Hospital workers do that, I think, in part out of self interest. They have to deal with the fallout when the patient hasn't expressed his wishes. Part of the fallout is on them and part of it is on the families. It is at best thoughtless of people not to think this through and express their wishes orally to their families if not in the form of a living will. Not doing so is foisting a terrible burden on people you are supposed to love. I wouldn't hesitate to call it cruel and callous.

the feedback i get is the majority of people who qualify for hospice refuse.

I had experience with caring from my father in home hospice. In the transactions I had with hospital social workers, I don't think they were sufficiently direct about the financial benefits of hospice for the patient. My father didn't get it but when I picked up on it and explained it to him, he jumped on it. Being from the depression generation, he was delighted to have all these nice folks come visit him, bring him all sorts of supplies and services, and it didn't cost him a dime. So if what you say is so, perhaps it's as much that the finances weren't explained as their refusal to believe that they're dying.

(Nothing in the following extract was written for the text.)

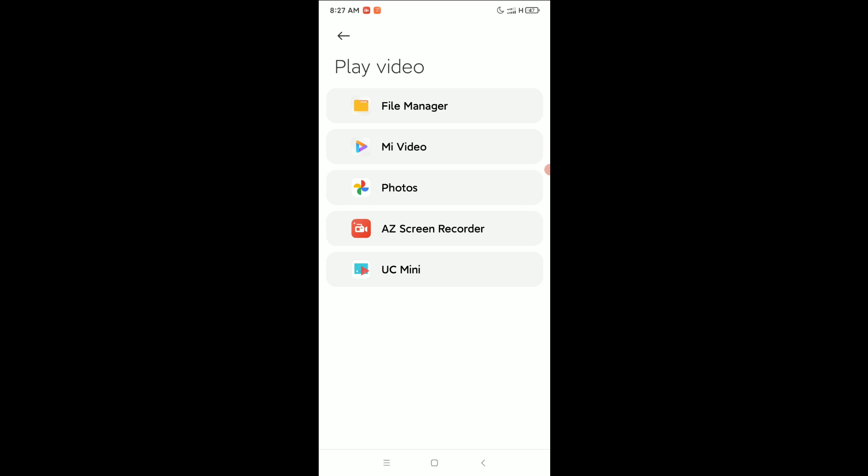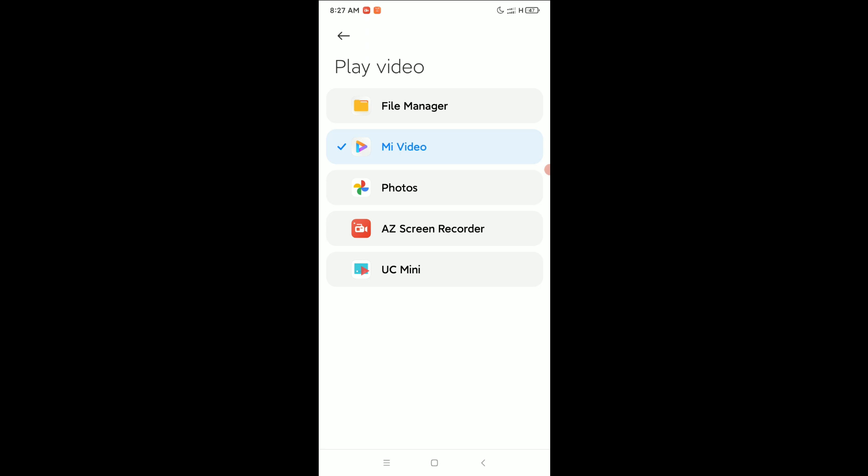player, you just need to select it. So I select Mi Video player. That's it, and this one is my default video player. So in this way you can set a default video player in your Xiaomi phone. Hope this video can help you. Don't forget to like and subscribe to my channel.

To: John Carragher who wrote (7761)7/25/2009 1:50:40 PM
From: skinowski  Read Replies (1) | Respond to of 42652
 
I do not see the need for this advice being written into the health bill.

Agree. When this becomes a requirement under the law, many people will become suspicious and you know what? They'll be right.

Sometimes I wonder how many people sign on the dotted line not because they truly understand the situation, but because they suffer from an untreated depression, and just want to end it all. In such cases, this may be little more then legally assisted suicide.